No responses- Might want to go back to the D. HaHa!


----------



## [email protected] (Mar 13, 2012)

Looks like a bunch of tight lipped fishermen in the Alpena area. Must be lights out fishing!!! Nothing MS? Shrubby


----------



## PerchPatrol (Mar 31, 2006)

I lived there but never fished it - always concentrated on either Grand or Long lakes. I don't think I even know anyone who fished it.


----------



## Zib (Jan 7, 2008)

I've been going up to the Alpena area since the mid 70's & never fished Winyah. Hell I didn't even know about the lake until I seen it on Major League Fishing.


----------



## coyote-hunter (Apr 3, 2009)

It’s not so much as a tight lipped thing as it’s a no one fishes for walleye there thing. I live in Alpena and am a die hard walleye guy. I’ve never fished Winyah. Not once. Is there walleye there...sure.

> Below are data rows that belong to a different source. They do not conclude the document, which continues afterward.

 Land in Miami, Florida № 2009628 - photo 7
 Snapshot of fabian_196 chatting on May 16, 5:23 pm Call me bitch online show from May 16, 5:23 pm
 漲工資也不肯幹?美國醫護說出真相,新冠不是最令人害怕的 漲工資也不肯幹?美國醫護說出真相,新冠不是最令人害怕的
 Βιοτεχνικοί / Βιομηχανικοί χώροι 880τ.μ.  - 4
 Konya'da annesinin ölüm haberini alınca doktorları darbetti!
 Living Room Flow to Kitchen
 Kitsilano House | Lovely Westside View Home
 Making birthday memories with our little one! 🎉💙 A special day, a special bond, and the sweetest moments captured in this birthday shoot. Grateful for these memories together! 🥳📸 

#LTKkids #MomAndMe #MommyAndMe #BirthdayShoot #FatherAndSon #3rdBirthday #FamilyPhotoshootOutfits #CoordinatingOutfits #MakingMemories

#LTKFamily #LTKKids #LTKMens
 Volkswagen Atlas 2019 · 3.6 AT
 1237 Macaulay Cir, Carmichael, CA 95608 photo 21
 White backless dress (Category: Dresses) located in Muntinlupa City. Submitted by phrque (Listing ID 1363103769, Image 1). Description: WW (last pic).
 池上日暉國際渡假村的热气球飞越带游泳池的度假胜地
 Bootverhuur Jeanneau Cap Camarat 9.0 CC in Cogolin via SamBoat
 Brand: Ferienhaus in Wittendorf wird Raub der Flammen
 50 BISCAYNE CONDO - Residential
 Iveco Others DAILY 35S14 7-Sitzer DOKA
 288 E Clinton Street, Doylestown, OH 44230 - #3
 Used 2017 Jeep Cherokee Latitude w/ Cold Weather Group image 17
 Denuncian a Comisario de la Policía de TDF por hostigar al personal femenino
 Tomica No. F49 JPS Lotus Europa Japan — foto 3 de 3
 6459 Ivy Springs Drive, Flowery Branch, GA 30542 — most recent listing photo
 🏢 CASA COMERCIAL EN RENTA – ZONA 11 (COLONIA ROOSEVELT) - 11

In fact there are (or were) some giants. 7-8 years ago a few were caught on tip ups there. I know of at least 3 that were landed that went12-14 lbs that one winter. The TBWC runs the James Farm walleye stocking pond for the DNR. The over run for that tank goes to lake Winyah. Every year when the tank gets flushed, there are a few hundred fingerlings that get flushed into The lake so it’s lightly stocked. What you’re doing is needle in a haystack type fishing, which can be awesome if you find that needle. Good luck and enjoy your weekend!


----------



## 5eyes (Jan 24, 2003)

coyote-hunter gives good advice


----------



## 98885 (Jan 18, 2015)

If your a largemouth bass guy and have researched any lakes in that region, 2 lakes stand out. Fletcher's and Winyah. Actually 3, the other being Tomahawk flooding also. Winyah looks real fishy but can be very challenging. One day I've boated 25 lbs of fish while another only 5. Cloudy days are best on on largemouths. Sunny days gets the smallie bite going. There ARE nice smallies in Winyah also. It's part of Thunder river so fish travel from Huron into that waterway. You'll catch smallies where you'd never expect them.


----------



## coyote-hunter (Apr 3, 2009)

Fish cannot get into Winyah from Huron. There’s a dam or 2 ensuring that can’t happen.


----------



## 98885 (Jan 18, 2015)

Well there are smallmouth in there.


----------